Treinta y siete instituciones financieras han instado a los gobiernos a suspender la minería de los fondos marinos hasta que se comprendan los riesgos ambientales, socioculturales y económicos. Si los principales bancos y aseguradoras se muestran escépticos, esto debería hacernos reflexionar.
UN MEJOR CAMINO PARA ADELANTE
Las profundidades oceánicas constituyen el mayor hábitat para la vida en la Tierra. Forman parte del patrimonio común de la humanidad. Los procesos de la Autoridad Internacional de los Fondos Marinos son deliberativos y precautorios por una muy buena razón: el reconocimiento global de que no podemos permitirnos equivocarnos.
Las profundidades oceánicas constituyen el mayor hábitat para la vida en la Tierra. Forman parte del patrimonio común de la humanidad. Los procesos de la Autoridad Internacional de los Fondos Marinos son deliberativos y precautorios por una muy buena razón: el reconocimiento global de que no podemos permitirnos equivocarnos.
El principio de precaución existe precisamente para esta situación: cuando no comprendemos plenamente las consecuencias de una acción que podría causar daños irreversibles, debemos proceder con cautela, no acelerar el camino hacia la destrucción.
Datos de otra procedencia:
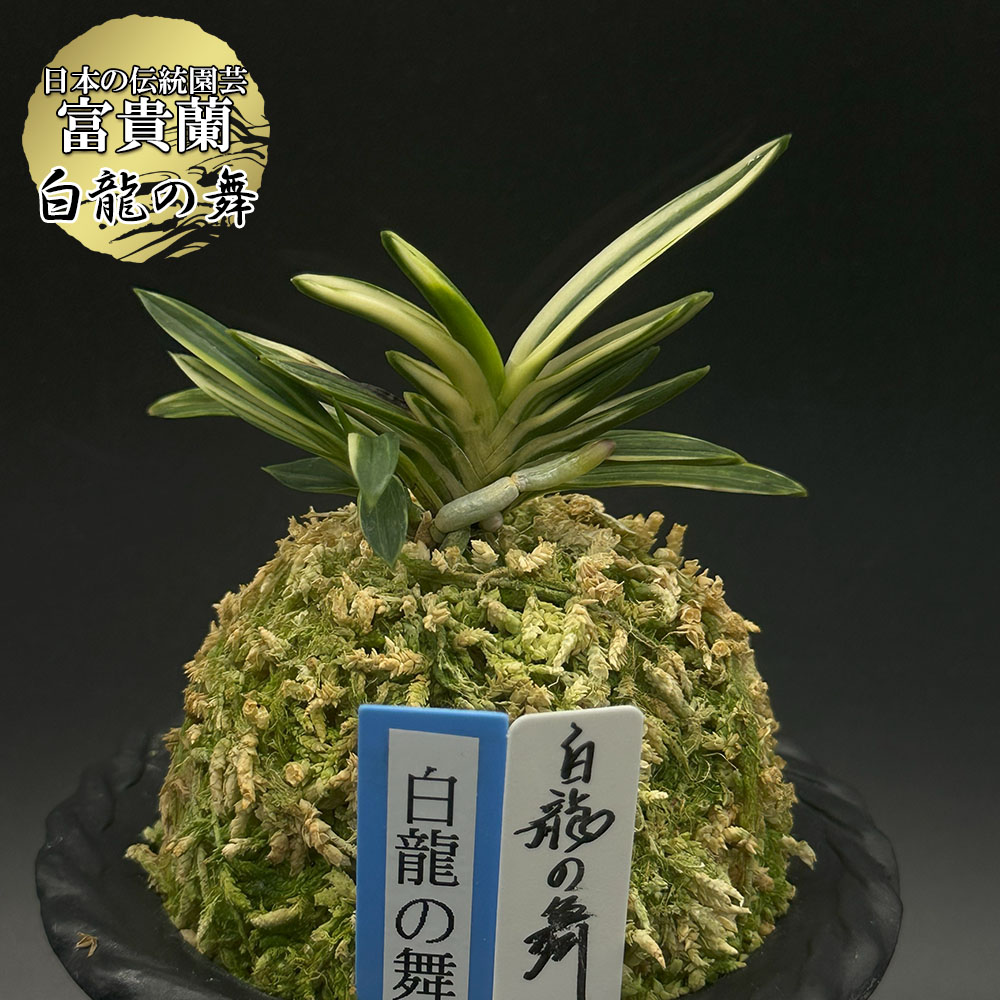 【最大限度50％OFF】百貨店大売り出し特集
Esto es especialmente cierto cuando consideramos cualquier nueva actividad industrial que ponga en riesgo nuestro patrimonio natural global y la función vital del océano.
Esta norma hace lo contrario: elimina salvaguardias, elude la cooperación internacional y prioriza los deseos de una industria no probada sobre los avances tecnológicos y el conocimiento científico.
No tenemos que elegir entre reducir la contaminación del transporte y proteger el océano. No hay una verdadera urgencia para extraer estos materiales; el mercado ha evolucionado para satisfacer la demanda de alternativas. Las entidades que asumirían el mayor riesgo financiero inmediato en este nuevo ámbito —la banca, las compañías de inversión y las aseguradoras— han abogado por el enfoque precautorio.
Tenemos tiempo para hacerlo bien. No hay razón para apresurarse en la industrialización. Hay motivos de sobra para ser conscientes de cualquier nueva carga sobre nuestro océano global, el 71% del planeta del que depende toda la vida.